Data provided: Begin
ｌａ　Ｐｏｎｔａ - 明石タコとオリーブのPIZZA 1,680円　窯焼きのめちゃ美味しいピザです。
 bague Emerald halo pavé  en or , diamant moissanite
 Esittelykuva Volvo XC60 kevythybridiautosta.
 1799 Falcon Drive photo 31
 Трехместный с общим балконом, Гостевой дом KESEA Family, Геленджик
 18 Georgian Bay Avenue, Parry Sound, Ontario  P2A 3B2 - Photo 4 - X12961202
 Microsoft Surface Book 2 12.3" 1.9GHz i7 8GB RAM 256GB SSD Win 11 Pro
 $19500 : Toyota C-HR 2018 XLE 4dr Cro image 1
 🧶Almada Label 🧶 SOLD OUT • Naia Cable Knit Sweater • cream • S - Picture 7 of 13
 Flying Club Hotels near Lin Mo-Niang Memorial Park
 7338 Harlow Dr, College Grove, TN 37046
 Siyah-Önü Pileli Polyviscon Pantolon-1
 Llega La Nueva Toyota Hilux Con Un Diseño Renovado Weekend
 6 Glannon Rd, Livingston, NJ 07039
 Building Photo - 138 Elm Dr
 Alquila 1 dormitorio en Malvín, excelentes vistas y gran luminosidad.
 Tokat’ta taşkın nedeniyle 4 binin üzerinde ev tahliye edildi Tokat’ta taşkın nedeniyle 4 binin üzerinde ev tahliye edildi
Data provided: End
• **Exercise prompt**
Quote the records above exactly, from the first line through the line containing "Alquila 1 dormitorio", and nothing more.

• **Response to the exercise**
ｌａ　Ｐｏｎｔａ - 明石タコとオリーブのPIZZA 1,680円　窯焼きのめちゃ美味しいピザです。
 bague Emerald halo pavé  en or , diamant moissanite
 Esittelykuva Volvo XC60 kevythybridiautosta.
 1799 Falcon Drive photo 31
 Трехместный с общим балконом, Гостевой дом KESEA Family, Геленджик
 18 Georgian Bay Avenue, Parry Sound, Ontario  P2A 3B2 - Photo 4 - X12961202
 Microsoft Surface Book 2 12.3" 1.9GHz i7 8GB RAM 256GB SSD Win 11 Pro
 $19500 : Toyota C-HR 2018 XLE 4dr Cro image 1
 🧶Almada Label 🧶 SOLD OUT • Naia Cable Knit Sweater • cream • S - Picture 7 of 13
 Flying Club Hotels near Lin Mo-Niang Memorial Park
 7338 Harlow Dr, College Grove, TN 37046
 Siyah-Önü Pileli Polyviscon Pantolon-1
 Llega La Nueva Toyota Hilux Con Un Diseño Renovado Weekend
 6 Glannon Rd, Livingston, NJ 07039
 Building Photo - 138 Elm Dr
 Alquila 1 dormitorio en Malvín, excelentes vistas y gran luminosidad.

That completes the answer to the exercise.